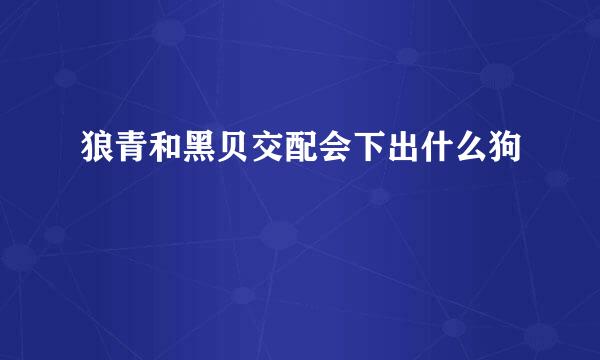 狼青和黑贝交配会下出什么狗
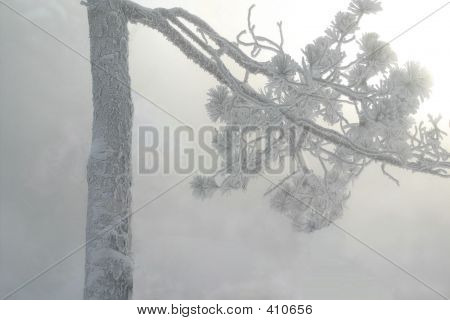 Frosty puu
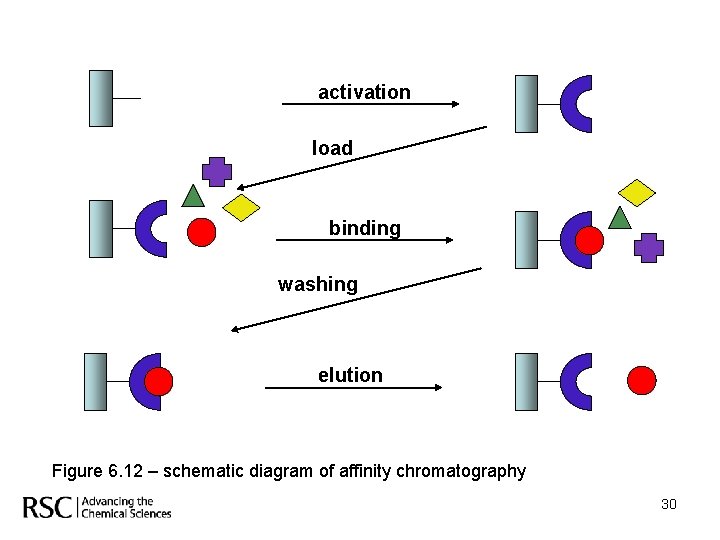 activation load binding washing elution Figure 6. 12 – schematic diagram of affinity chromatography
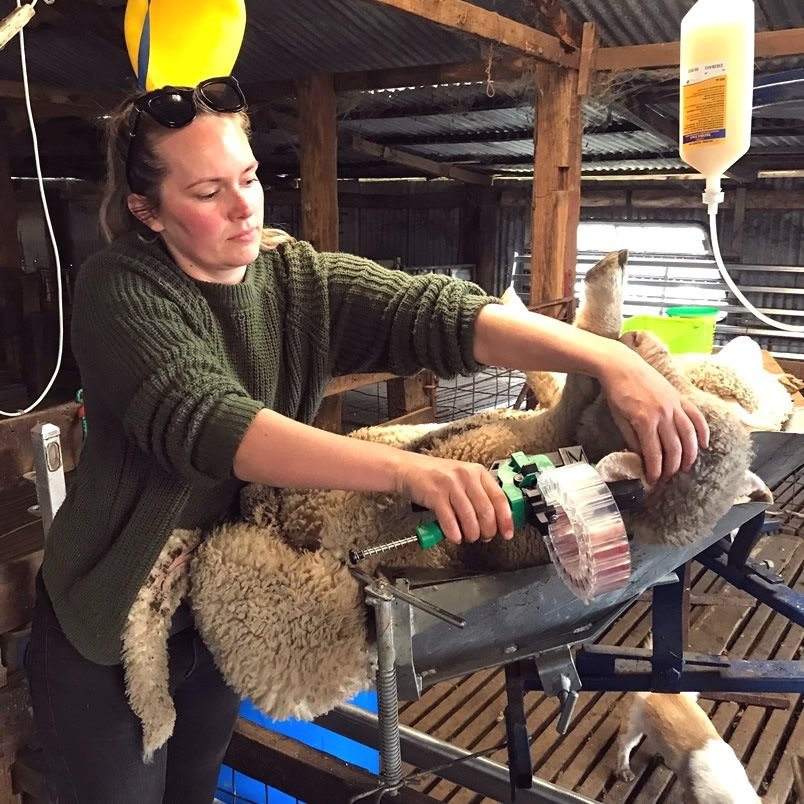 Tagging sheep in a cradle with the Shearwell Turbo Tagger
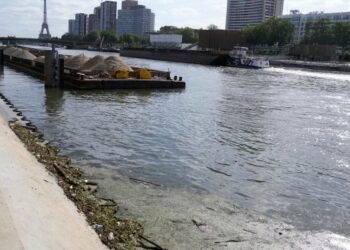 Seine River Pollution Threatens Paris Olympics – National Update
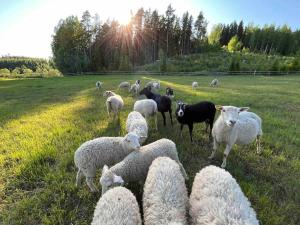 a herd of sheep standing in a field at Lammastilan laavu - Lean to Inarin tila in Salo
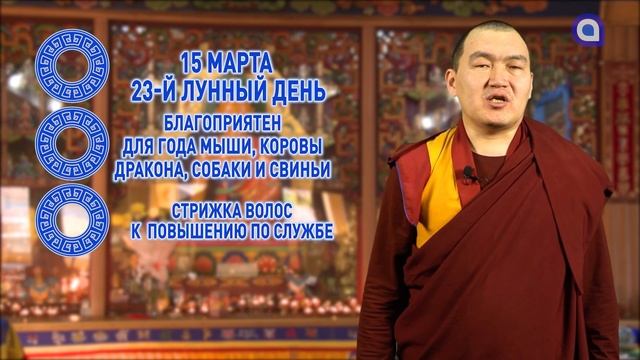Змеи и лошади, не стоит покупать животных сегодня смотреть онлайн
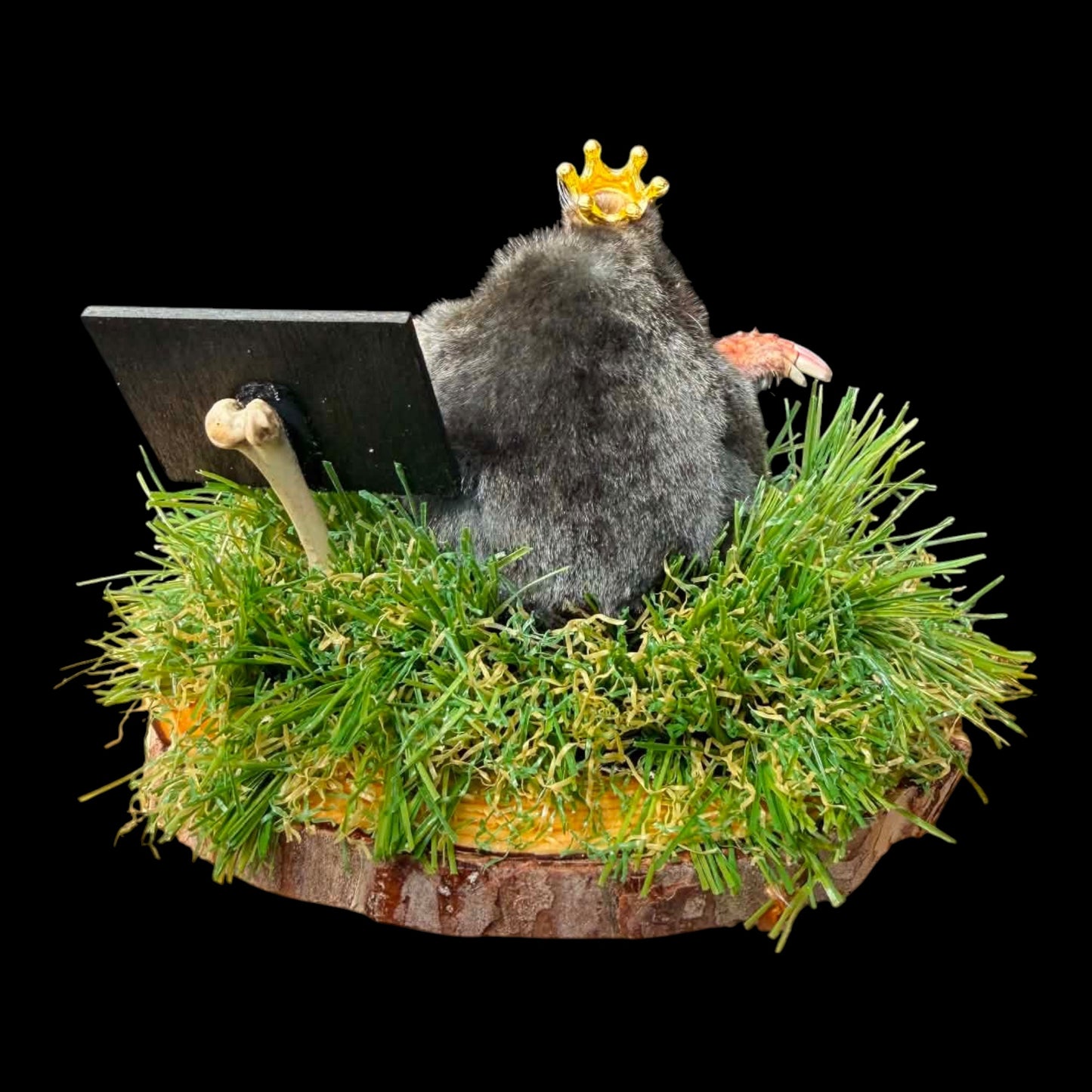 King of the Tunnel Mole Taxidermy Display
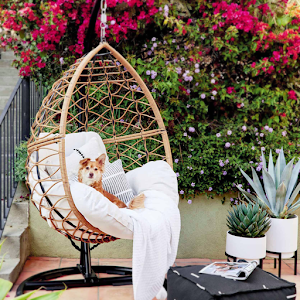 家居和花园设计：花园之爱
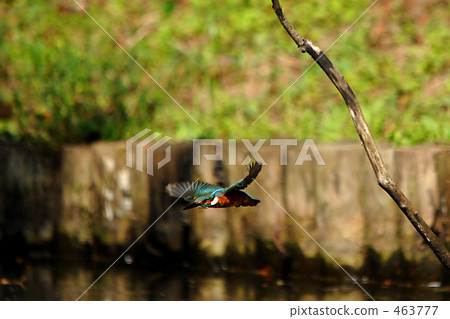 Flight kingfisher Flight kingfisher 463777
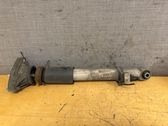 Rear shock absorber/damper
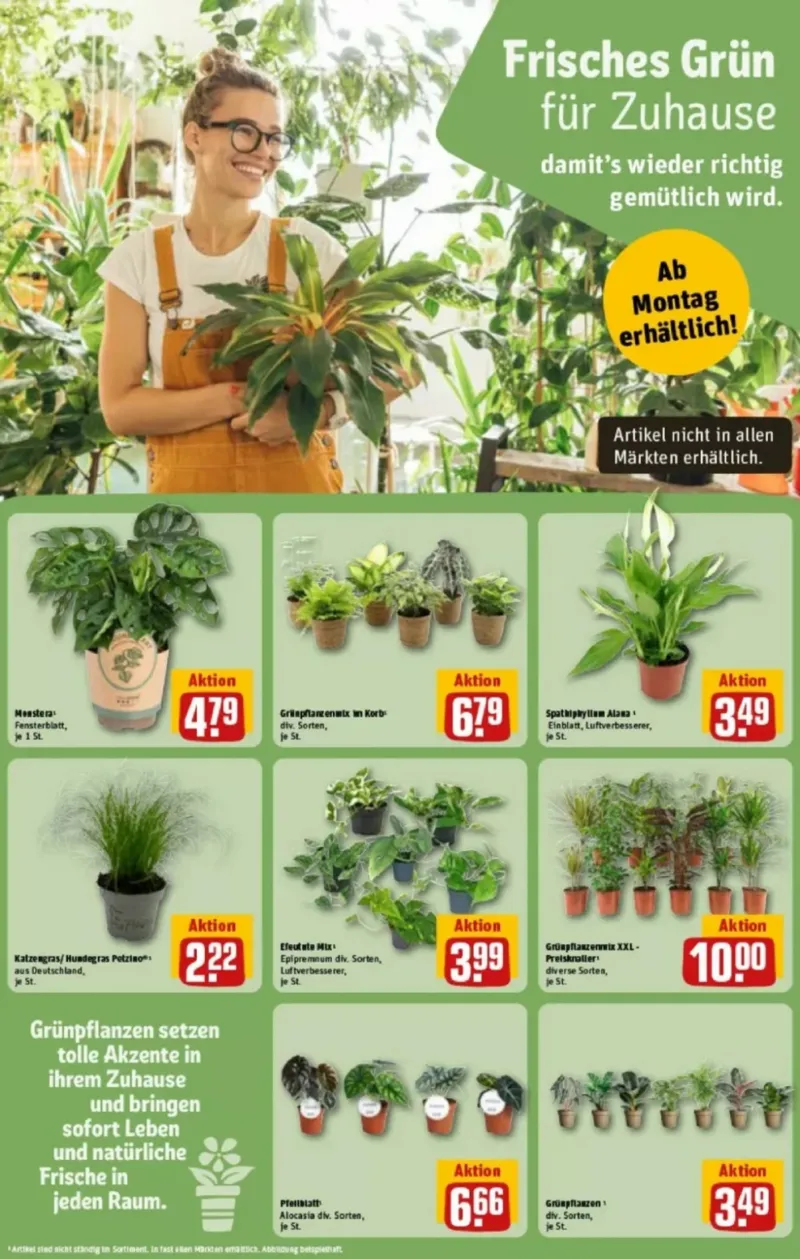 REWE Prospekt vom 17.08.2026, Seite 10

■ ■ ■ ■

YOUR INSTRUCTIONS: In your copy, repeat the records above exactly and include no images.

RESPONSE:
 狼青和黑贝交配会下出什么狗
 Frosty puu
 activation load binding washing elution Figure 6. 12 – schematic diagram of affinity chromatography
 Tagging sheep in a cradle with the Shearwell Turbo Tagger
 Seine River Pollution Threatens Paris Olympics – National Update
 a herd of sheep standing in a field at Lammastilan laavu - Lean to Inarin tila in Salo
Змеи и лошади, не стоит покупать животных сегодня смотреть онлайн
 King of the Tunnel Mole Taxidermy Display
 家居和花园设计：花园之爱
 Flight kingfisher Flight kingfisher 463777
 Rear shock absorber/damper
 REWE Prospekt vom 17.08.2026, Seite 10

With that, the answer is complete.